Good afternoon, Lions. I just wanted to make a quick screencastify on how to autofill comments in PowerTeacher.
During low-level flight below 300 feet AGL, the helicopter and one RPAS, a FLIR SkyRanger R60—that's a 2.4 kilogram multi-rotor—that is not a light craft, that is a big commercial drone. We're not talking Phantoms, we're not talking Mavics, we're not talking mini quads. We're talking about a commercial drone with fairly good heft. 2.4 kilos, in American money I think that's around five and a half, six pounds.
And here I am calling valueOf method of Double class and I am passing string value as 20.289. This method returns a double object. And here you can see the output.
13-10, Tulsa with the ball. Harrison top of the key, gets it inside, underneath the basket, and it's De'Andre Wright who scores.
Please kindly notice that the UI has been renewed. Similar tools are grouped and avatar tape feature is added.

* * *

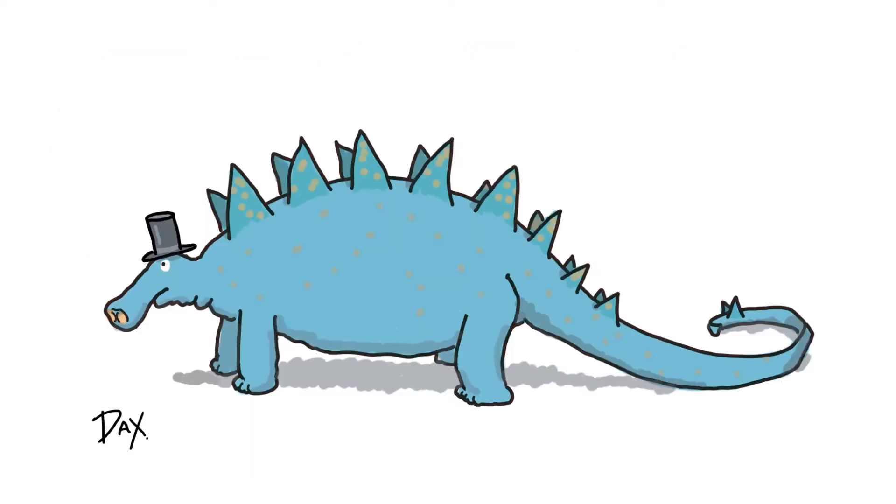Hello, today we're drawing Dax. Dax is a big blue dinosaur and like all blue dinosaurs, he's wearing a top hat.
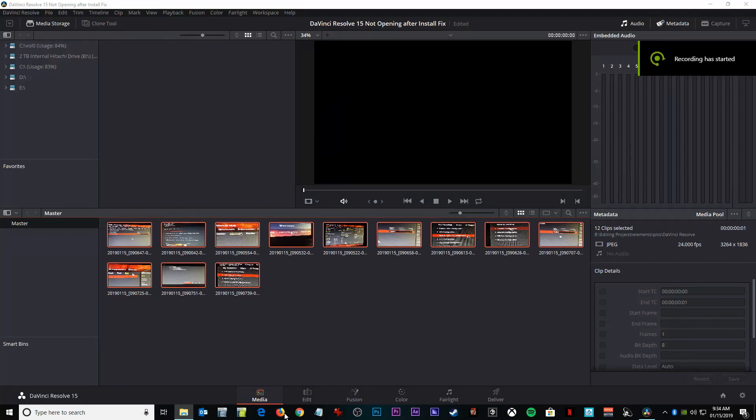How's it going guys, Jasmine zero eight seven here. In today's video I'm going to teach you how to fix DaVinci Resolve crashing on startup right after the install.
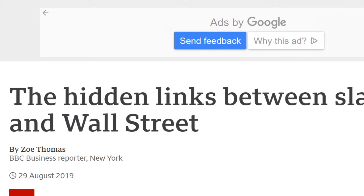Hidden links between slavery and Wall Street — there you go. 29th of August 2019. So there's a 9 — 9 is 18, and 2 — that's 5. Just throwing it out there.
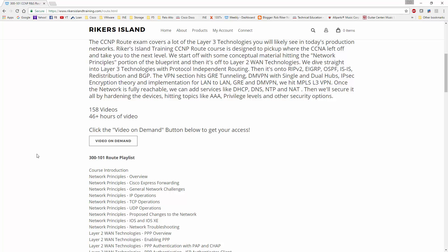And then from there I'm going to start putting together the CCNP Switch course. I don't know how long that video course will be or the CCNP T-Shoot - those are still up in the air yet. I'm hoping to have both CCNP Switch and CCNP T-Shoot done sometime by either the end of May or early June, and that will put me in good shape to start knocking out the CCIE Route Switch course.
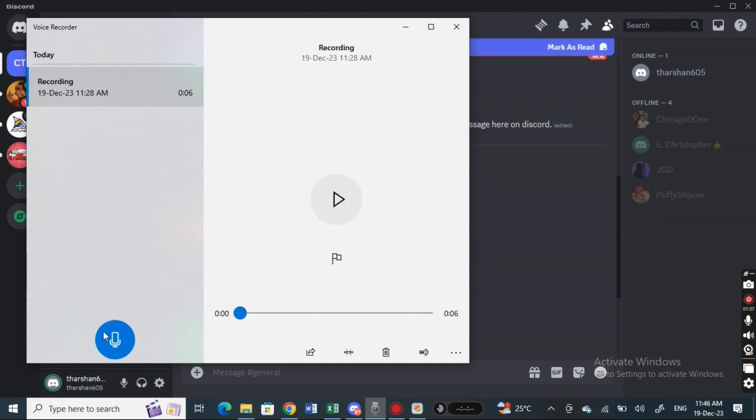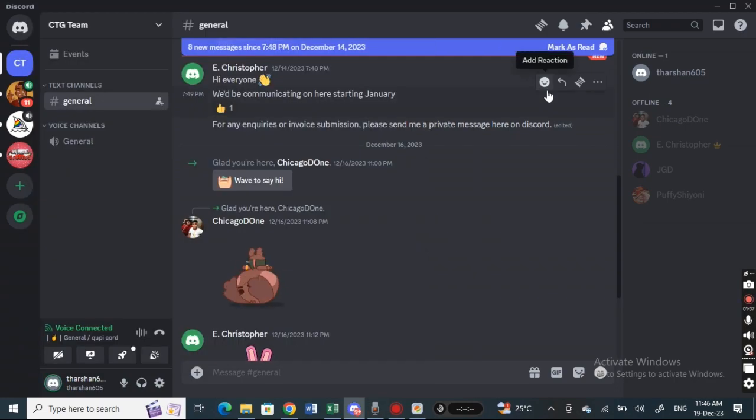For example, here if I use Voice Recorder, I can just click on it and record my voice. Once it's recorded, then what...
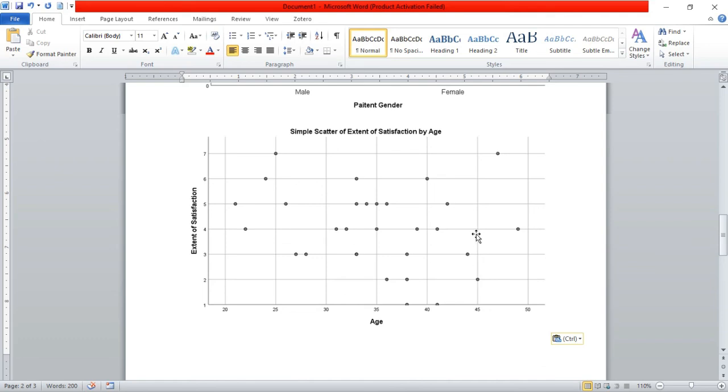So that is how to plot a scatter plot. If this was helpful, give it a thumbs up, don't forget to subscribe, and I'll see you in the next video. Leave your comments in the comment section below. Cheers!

==

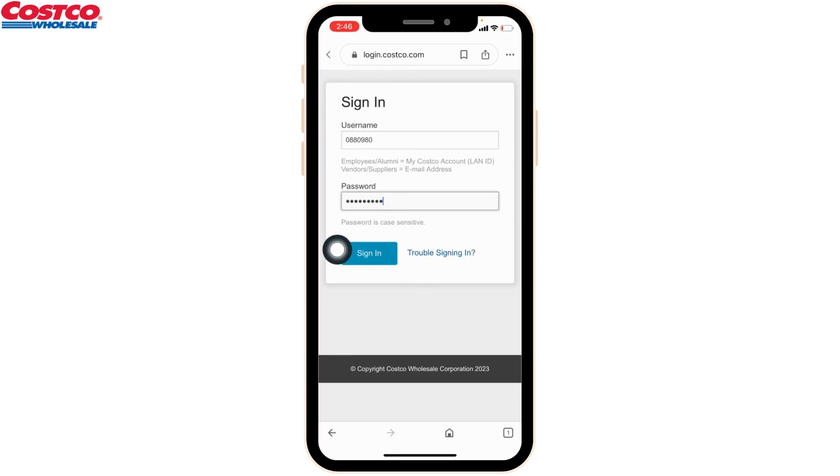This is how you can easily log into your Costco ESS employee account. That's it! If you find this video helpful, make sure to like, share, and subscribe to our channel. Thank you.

### Problem to solve
Using the data above, reproduce exactly the lines between those holding "Good afternoon, Lions." and "Please kindly notice", inclusive, and no others.

### Task response
Good afternoon, Lions. I just wanted to make a quick screencastify on how to autofill comments in PowerTeacher.
During low-level flight below 300 feet AGL, the helicopter and one RPAS, a FLIR SkyRanger R60—that's a 2.4 kilogram multi-rotor—that is not a light craft, that is a big commercial drone. We're not talking Phantoms, we're not talking Mavics, we're not talking mini quads. We're talking about a commercial drone with fairly good heft. 2.4 kilos, in American money I think that's around five and a half, six pounds.
And here I am calling valueOf method of Double class and I am passing string value as 20.289. This method returns a double object. And here you can see the output.
13-10, Tulsa with the ball. Harrison top of the key, gets it inside, underneath the basket, and it's De'Andre Wright who scores.
Please kindly notice that the UI has been renewed. Similar tools are grouped and avatar tape feature is added.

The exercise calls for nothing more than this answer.